■ **Activity**
Starting at the first line of the data, please print exactly those lines through the one that holds "Vaqueros de denim", omitting every picture.
*** Opening of Information shown ***
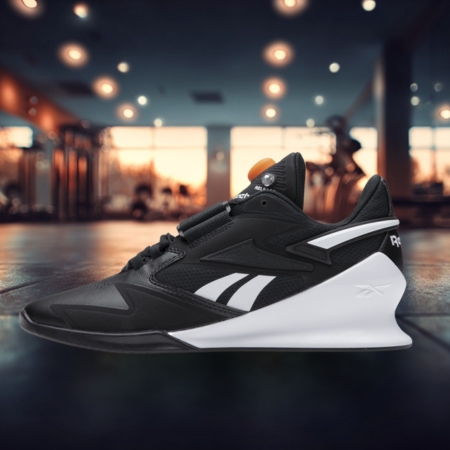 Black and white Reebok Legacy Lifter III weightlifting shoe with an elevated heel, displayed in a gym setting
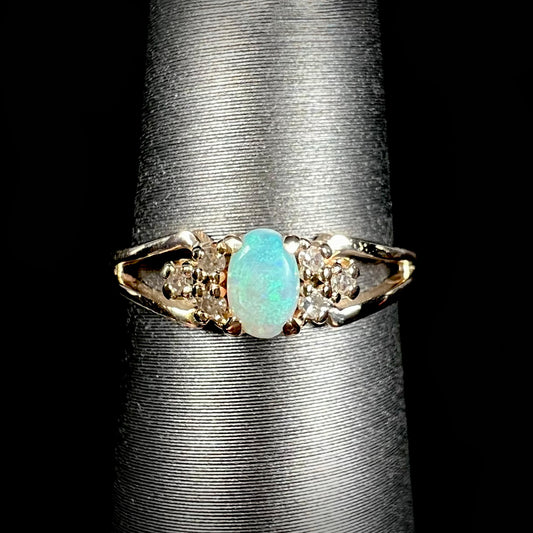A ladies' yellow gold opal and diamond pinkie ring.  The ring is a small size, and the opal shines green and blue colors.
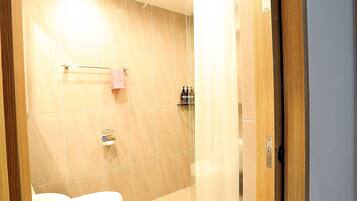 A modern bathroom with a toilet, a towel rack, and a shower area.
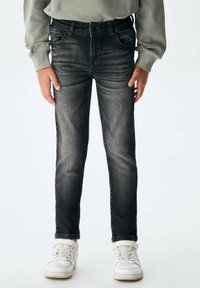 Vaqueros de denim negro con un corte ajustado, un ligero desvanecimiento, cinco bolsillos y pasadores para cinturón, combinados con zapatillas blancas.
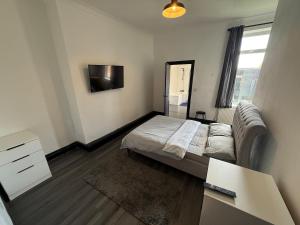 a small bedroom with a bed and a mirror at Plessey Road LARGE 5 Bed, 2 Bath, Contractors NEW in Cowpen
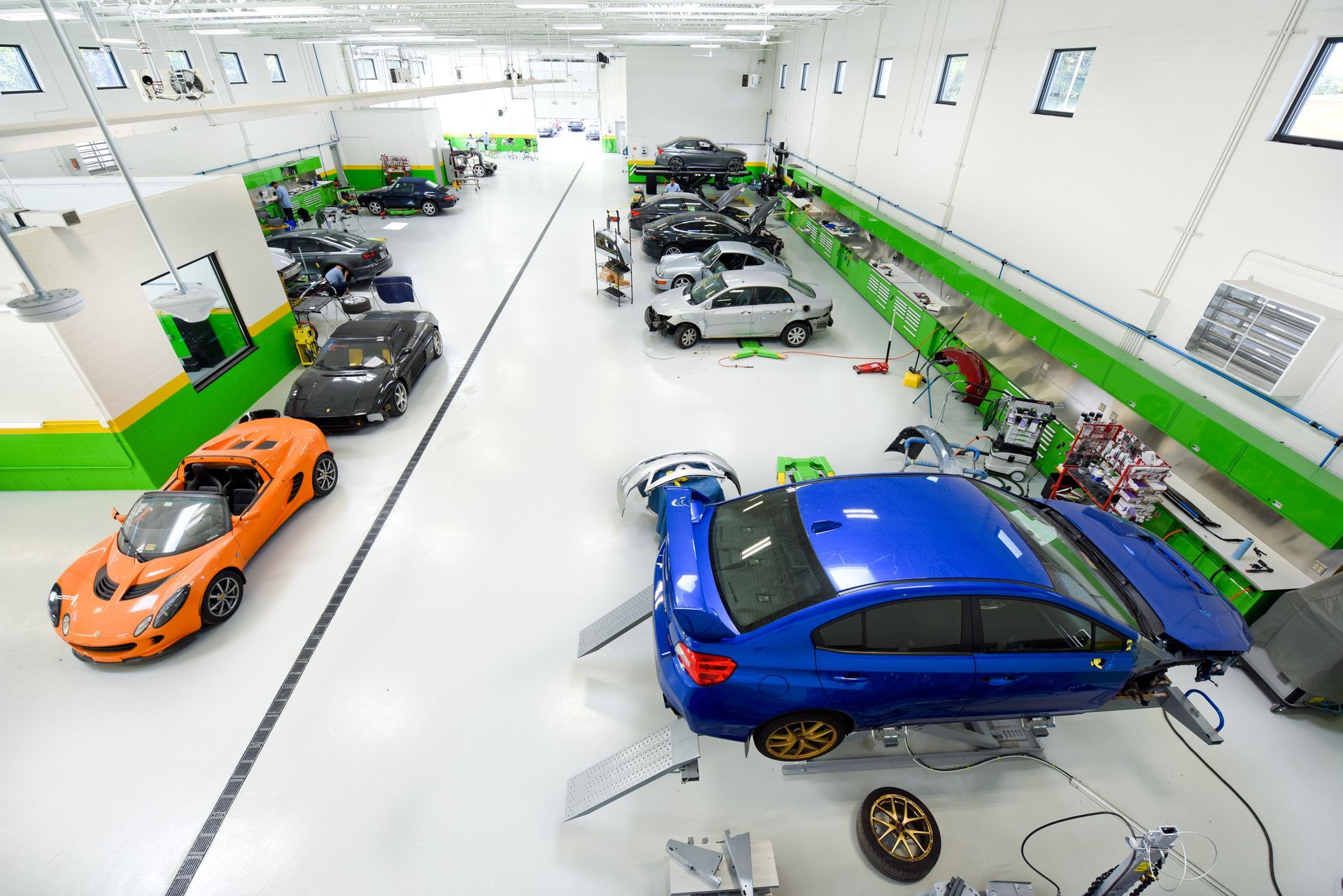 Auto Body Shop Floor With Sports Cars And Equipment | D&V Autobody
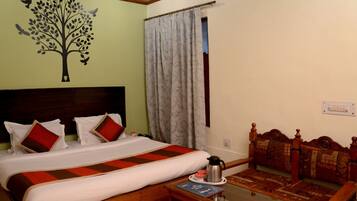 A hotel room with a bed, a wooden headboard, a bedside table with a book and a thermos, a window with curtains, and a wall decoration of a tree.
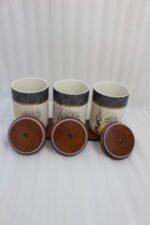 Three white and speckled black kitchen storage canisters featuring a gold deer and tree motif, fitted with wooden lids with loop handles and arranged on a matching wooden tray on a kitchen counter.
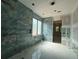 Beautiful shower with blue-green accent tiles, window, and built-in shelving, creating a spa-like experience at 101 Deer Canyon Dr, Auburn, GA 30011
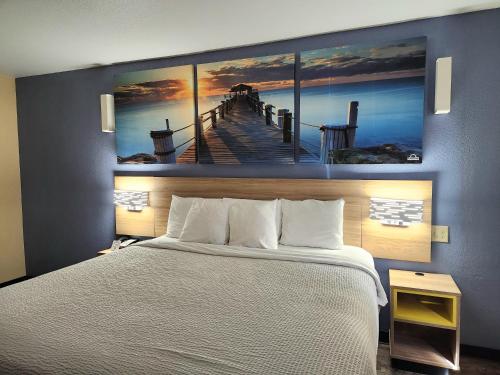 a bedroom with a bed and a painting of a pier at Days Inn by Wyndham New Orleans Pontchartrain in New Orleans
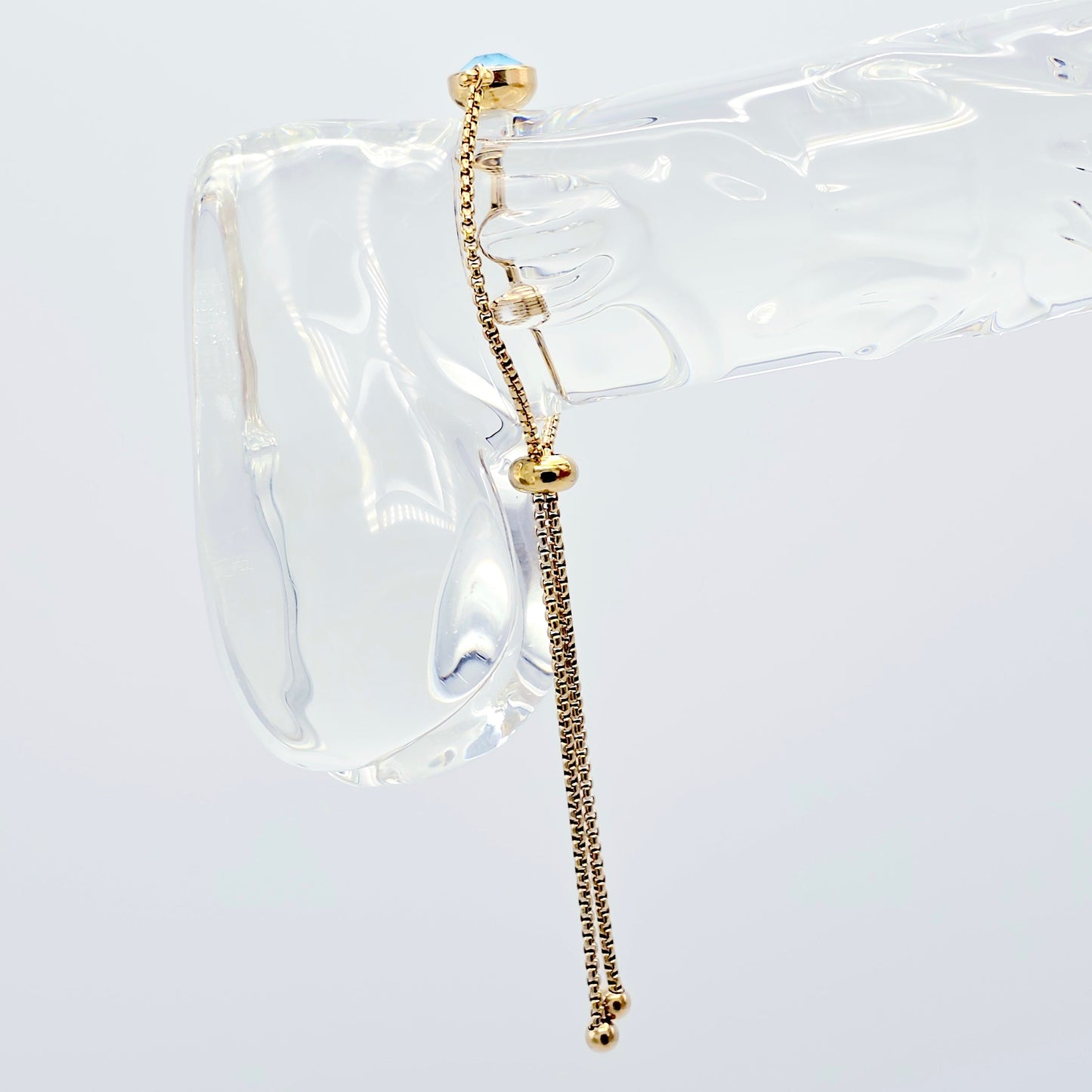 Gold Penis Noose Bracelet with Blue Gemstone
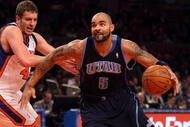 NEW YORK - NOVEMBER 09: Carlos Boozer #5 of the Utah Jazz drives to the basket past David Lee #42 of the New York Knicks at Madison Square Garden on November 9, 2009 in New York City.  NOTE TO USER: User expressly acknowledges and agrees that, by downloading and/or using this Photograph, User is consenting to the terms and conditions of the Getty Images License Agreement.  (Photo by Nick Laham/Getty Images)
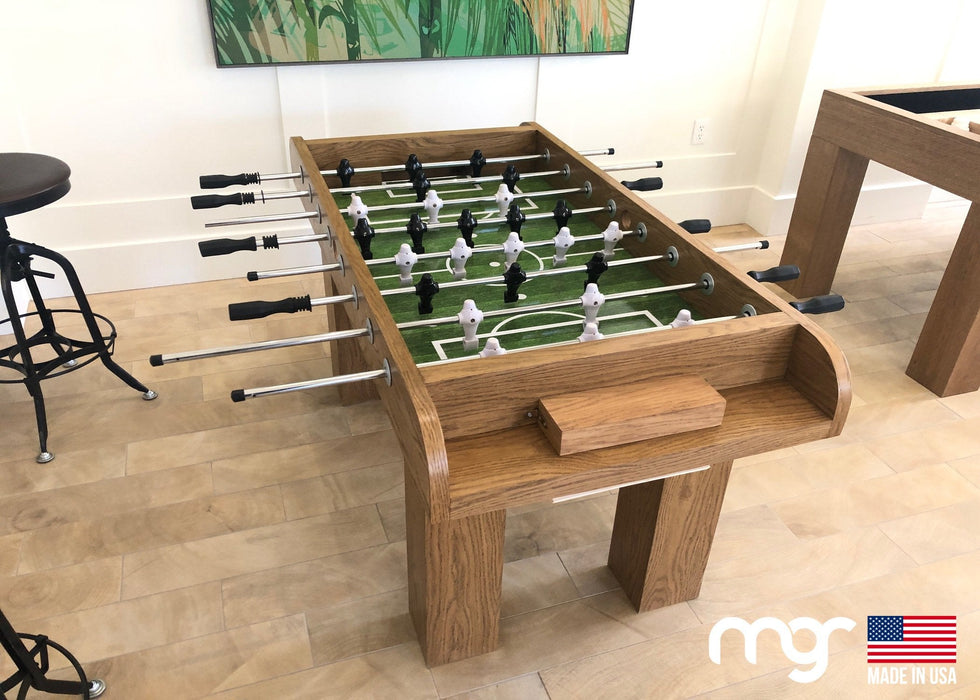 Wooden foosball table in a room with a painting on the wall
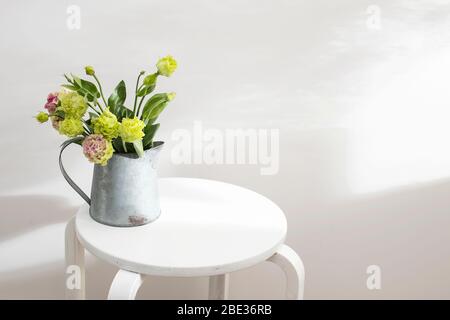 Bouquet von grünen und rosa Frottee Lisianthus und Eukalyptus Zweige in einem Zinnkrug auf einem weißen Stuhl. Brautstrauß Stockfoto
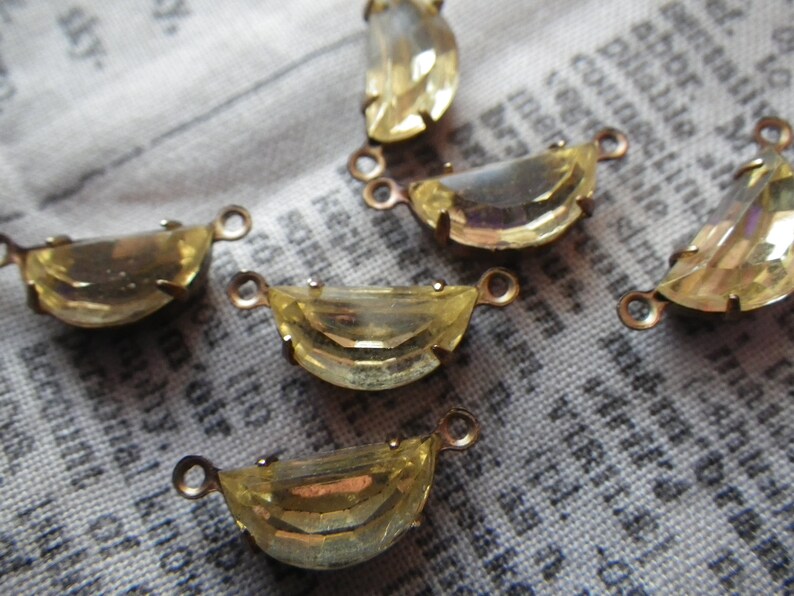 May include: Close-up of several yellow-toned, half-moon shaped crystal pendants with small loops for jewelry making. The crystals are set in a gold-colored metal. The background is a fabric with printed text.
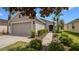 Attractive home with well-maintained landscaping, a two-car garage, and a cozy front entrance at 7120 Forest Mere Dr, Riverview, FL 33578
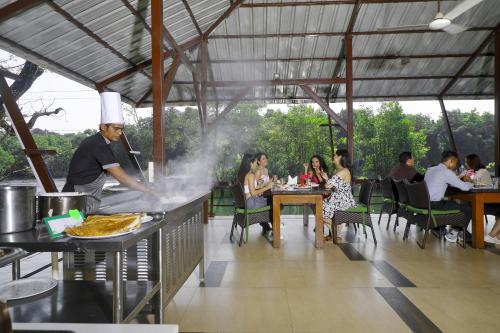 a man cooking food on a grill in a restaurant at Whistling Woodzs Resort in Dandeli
*** Close of Information shown ***
■ **Worked solution**
 Black and white Reebok Legacy Lifter III weightlifting shoe with an elevated heel, displayed in a gym setting
A ladies' yellow gold opal and diamond pinkie ring.  The ring is a small size, and the opal shines green and blue colors.
 A modern bathroom with a toilet, a towel rack, and a shower area.
 Vaqueros de denim negro con un corte ajustado, un ligero desvanecimiento, cinco bolsillos y pasadores para cinturón, combinados con zapatillas blancas.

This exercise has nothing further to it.